Ma intanto mi è venuta la voglia di approfondire un po’ l’argomento.

Ho scoperto così che sui bagagli dei migranti esistono diversi studi e interessanti pubblicazioni. Tramite queste ho appreso che la gran parte delle poche cose che i migranti portano con sé sono ricordi della loro terra. Molte fotografie contenute in un immancabile cellulare e oggetti di vario genere spesso singolari. L’antropologo Luca Pisoni, autore di un’importante ricerca poi pubblicata in un libro – Il bagaglio intimo, Meltemi linee – parla di bibbie, corani, amuleti vudù, mazze da cricket e magliette di calcio. Insomma tutto quello che può alleviare la nostalgia di un paese che potrebbero non rivedere.   Giustamente, a questo proposito, scrivono V. Pieroni e A. Santos Ferminino – “La valigia del migrante” ricerca finanziata dal Ministero del Lavoro e delle politiche sociali – che quando il migrante parte si attrezza
“….portando con sé la sua valigia dove racchiude il suo progetto di vita e tutto il suo bagaglio fatto di speranze, sogni, nostalgie, paure per il distacco dalla rete familiare, amicale e sociale. Come tale la valigia rappresenta il contenitore più prezioso per l’immigrato, in quanto equivale alla sua identità: li dentro egli racchiude il suo modo di essere, il bagaglio culturale, il progetto di andare a trapiantare altrove la sua vita. Emigrare significa infatti il distacco da quell’ insieme di relazioni familiari e comunitarie che nella cultura dell’origine proteggevano e garantivano sicurezza a ciascun membro della famiglia.”
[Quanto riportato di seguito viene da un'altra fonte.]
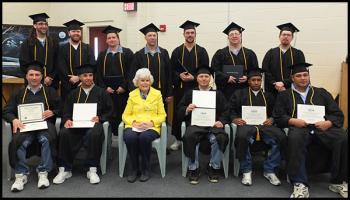 Doris Buffett (center) sits with the 2013 graduating class. The graduates are, in no particular order, Jerry James Banks, Brandon Sobosie Brown, Steven M. Clark, Jon James Dow, Sergio Stephen Haitston, Robert Alan Payzant, Daniel P Roberts, Dale Allen Wood, Jon Brent Dyer, Edwin Devaughn Keys, Victor E. Loveitt, Joseph Billings Rouleau and Christopher David Shumway.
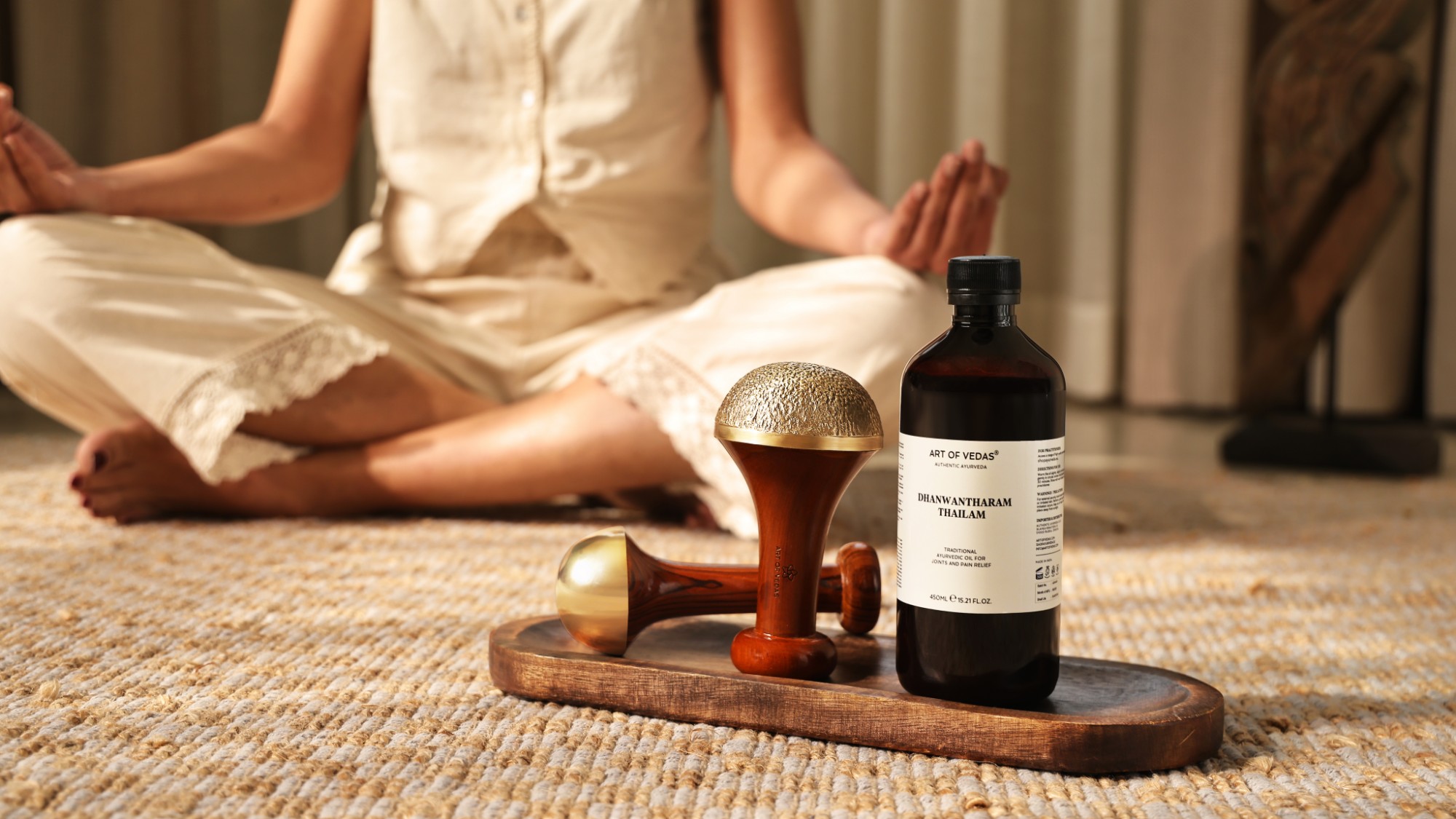 Art of Vedas Dhanwantharam Thailam in its PET bottle on a tray beside two Kansa wands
Ma questi bagagli non sempre giungono a destinazione. Particolarmente esposti alla perdita di esso sono i minori, spesso bambini non accompagnati che vengono provvisti alla partenza di una valigia contenente quanto si ritiene più utile. Il caso di bambini che partono da soli è tutt’altro che marginale. Nell’unica ricerca che ho trovato su questo fenomeno vengono segnalati ben 15000 minori, bambini compresi, che hanno compiuto la traversata da soli tra il 2013 e il 2015. Nella gran parte dei casi, quelli che sono giunti a destinazione non avevano più la valigia.
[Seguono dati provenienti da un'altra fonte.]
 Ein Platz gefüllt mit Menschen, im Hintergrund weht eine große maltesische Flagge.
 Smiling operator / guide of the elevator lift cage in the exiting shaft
Non e’ grossa, non e’ pesante
la valigia dell’emigrante…..
C’e’ un po’ di terra del mio villaggio
per non restare solo in viaggio..
Un vestito, un pane, un frutto,
e questo e’ tutto.
Ma il cuore no, non l’ ho portato:
nella valigia non ci e’ entrato.
Troppa pena aveva a partire,
oltre il mare non vuol venire.
Lui resta, fedele come un cane,
nella terra che non da’ pane:
un piccolo campo, proprio lassù…
ma il treno corre: non si vede piu’.